• **PROBLEM STATEMENT**:
Give back each record precisely, pictures excluded.
------ SUPPLIED RECORDS ------
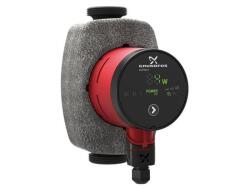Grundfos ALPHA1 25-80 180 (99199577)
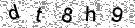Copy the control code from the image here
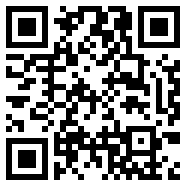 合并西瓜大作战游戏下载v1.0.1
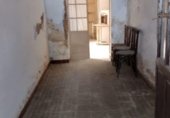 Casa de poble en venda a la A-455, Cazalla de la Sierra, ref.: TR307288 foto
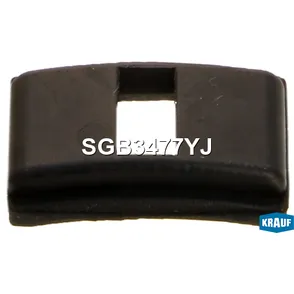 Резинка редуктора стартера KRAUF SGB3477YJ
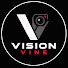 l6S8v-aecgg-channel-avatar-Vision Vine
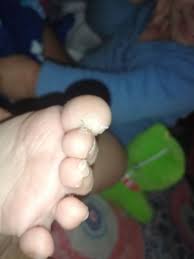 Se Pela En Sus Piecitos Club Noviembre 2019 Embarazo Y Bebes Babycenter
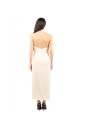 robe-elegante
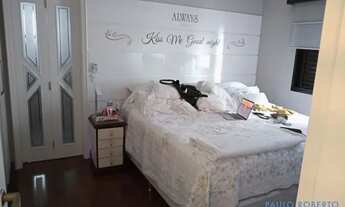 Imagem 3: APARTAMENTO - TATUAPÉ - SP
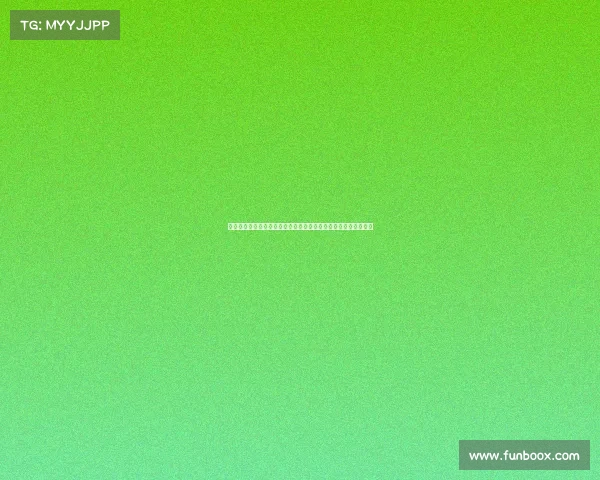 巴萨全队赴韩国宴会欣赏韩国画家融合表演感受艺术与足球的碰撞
------
• **SOLUTION FOR THIS EXERCISE**:
Grundfos ALPHA1 25-80 180 (99199577)
Copy the control code from the image here
 合并西瓜大作战游戏下载v1.0.1
 Casa de poble en venda a la A-455, Cazalla de la Sierra, ref.: TR307288 foto
 Резинка редуктора стартера KRAUF SGB3477YJ
 l6S8v-aecgg-channel-avatar-Vision Vine
 Se Pela En Sus Piecitos Club Noviembre 2019 Embarazo Y Bebes Babycenter
 robe-elegante
 Imagem 3: APARTAMENTO - TATUAPÉ - SP
 巴萨全队赴韩国宴会欣赏韩国画家融合表演感受艺术与足球的碰撞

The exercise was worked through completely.